With these edges detected in a reference image of the text field and our target image, we can match the features between the two images and align the target image to the reference image. This matching can be achieved via FLANN or brute force.
Example for matched features between target and reference images. Features are shown as blue circles, green lines indicate matched features.
After matching the features, we can find the homography between the location of the features in the two images. This will basically give us a matrix that describes how we have to transform (turn and distort) the target image to locate the text field in the same location as in the reference image.
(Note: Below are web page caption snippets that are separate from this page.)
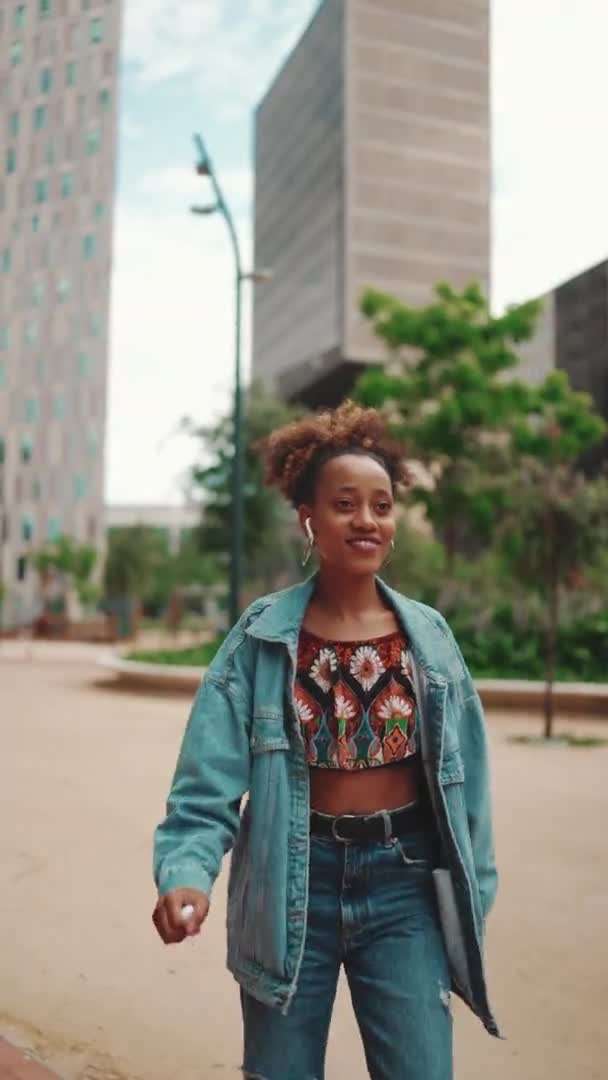 Vertical Video Usmívající Africká Dívka Culíkem Džínové Bundě Obilí Top — Stock video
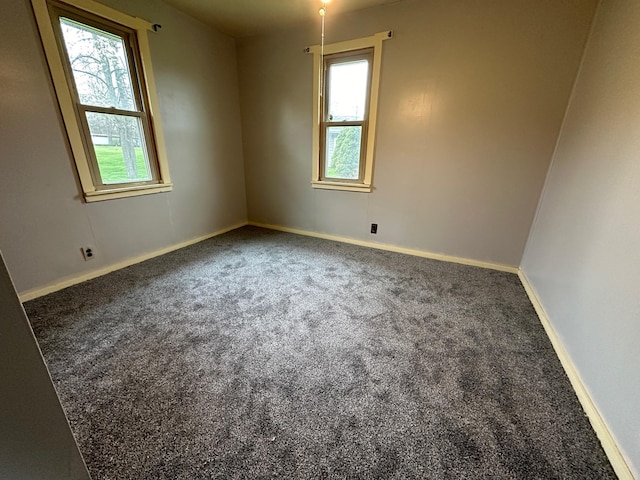 empty room with carpet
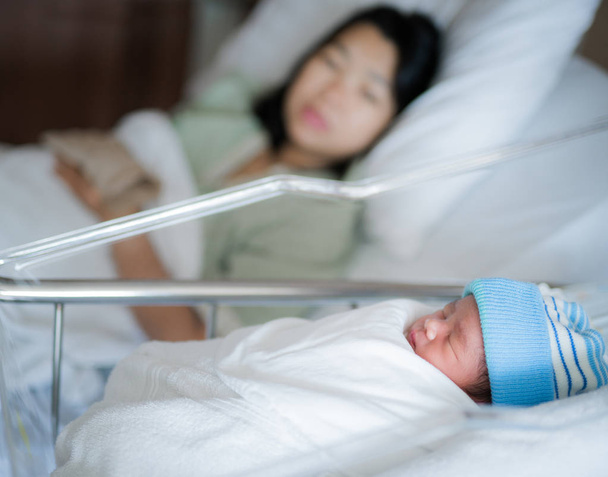 Nieuwe geboren baby alleen levering slaap met zijn moeder - Foto, afbeelding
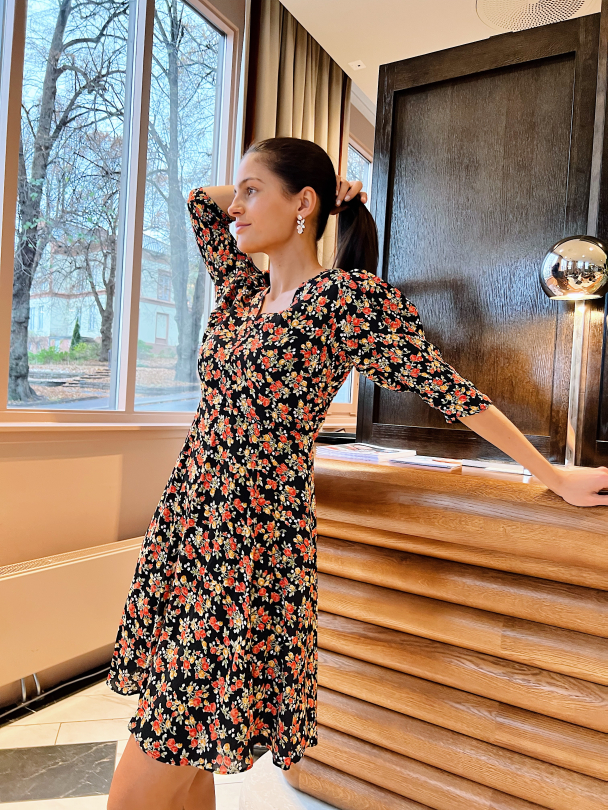 Festive 50s Dress - Roses - Image 3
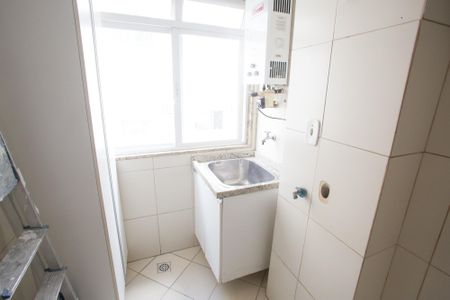 Apartamento à venda com 61m², 2 quartos e 1 vagaÁrea de Serviço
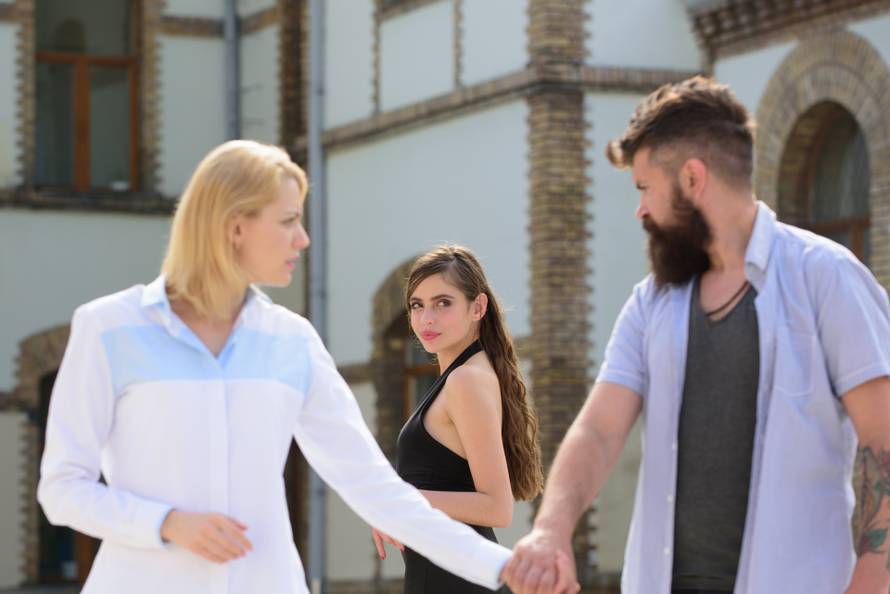 Zašto moj dečko gleda druge djevojke? Ovo su pravi razlozi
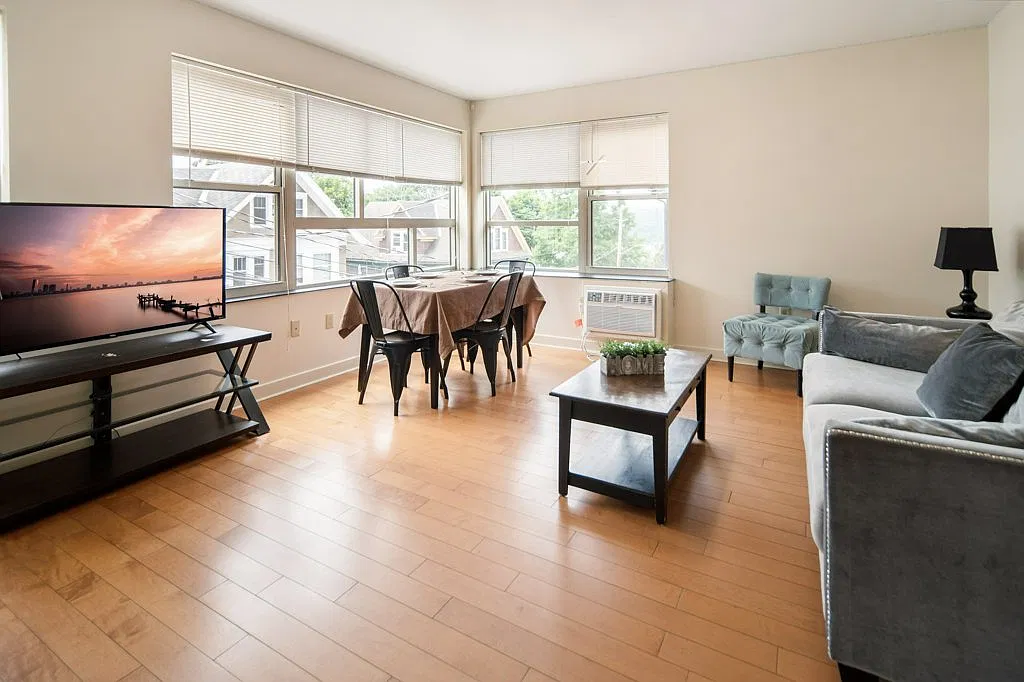 6 bed, 1500 sqft, $1,425 — Photo 1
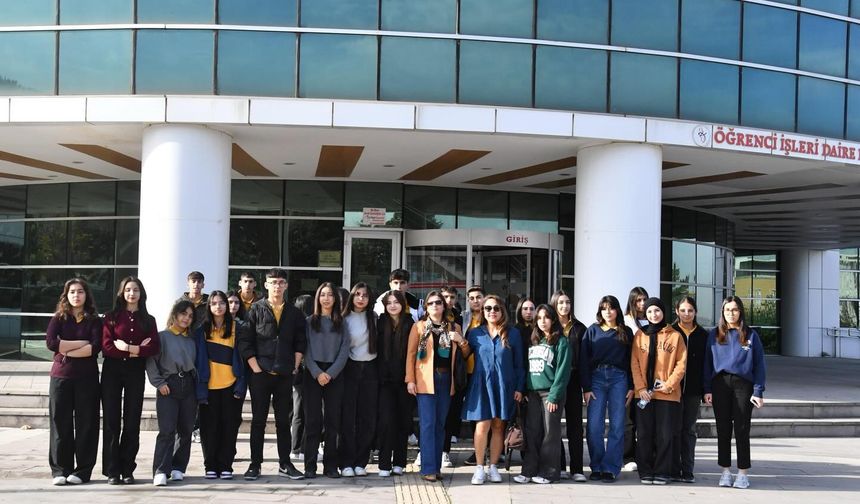 Oğuz Kağan Anadolu Lisesi Öğrencilerinden OKÜ’ye Gezi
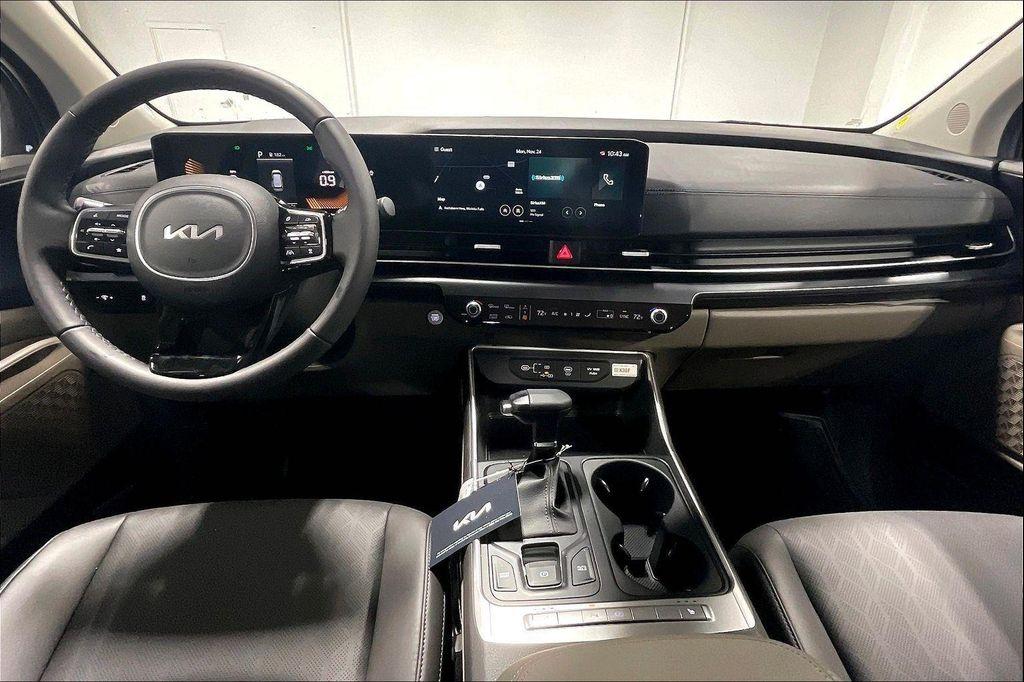 new 2026 Kia Carnival car, priced at $40,485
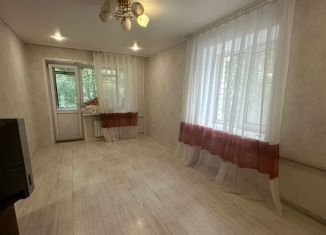 Продаю однокомнатную квартиру, 31 м2, Брянск, улица Емлютина, 38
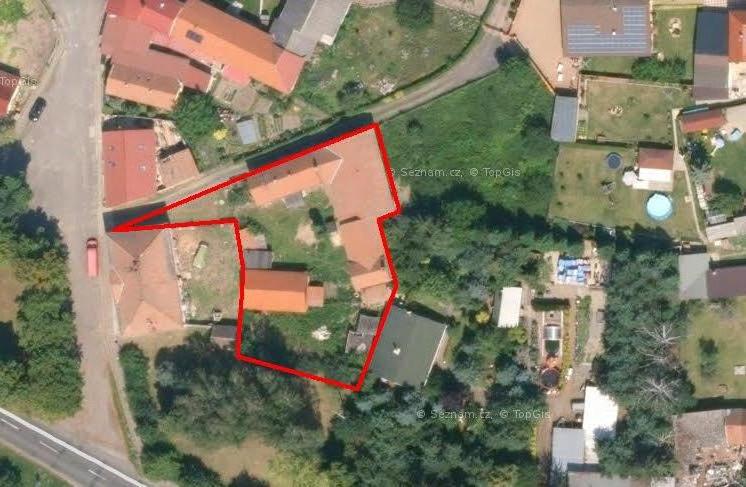 Celý pozemek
Having performed the transformation of the target image, we can simply extract the text field and continue with the optical character recognition step. Here at LoyJoy we continue to use a DL-based system for this step.
Conclusion: Advantages of CV
Using CV for the text field extraction gives us a number of examples in this case:
-
We only need one reference image to adapt our system to a new packaging
-
We do not have to generate training data
-
We do not have to re-train our model
As you can see, the CV model makes our lives quite a bit easier in this case. However, please remember that this case is just one example and that I do not want to advocate only using classical CV all the time.
So, when should we be using classical CV instead of DL? As I said, I would use CV as long as the task is not too complex to be solved using CV. For example, if you want to recognise the same symbol in many different images of similar type, this can be easily done via classical CV.
On the other hand, if you want to recognise various types of objects in all sorts of images, DL is probably the way to go. This can be seen in the ImageNet Large Scale Visual Recognition Challenge (one of the most important CV competitions) where increasingly deep neural networks dominate the winner’s lists.
In the end, there is no obvious solution to the problem. You have to follow your instincts and simply try out different solutions. However, if you suspect that your problem could be solved using classical CV, it is always a good idea to try — implementing a classical CV solution is likely faster than the training of your DL model.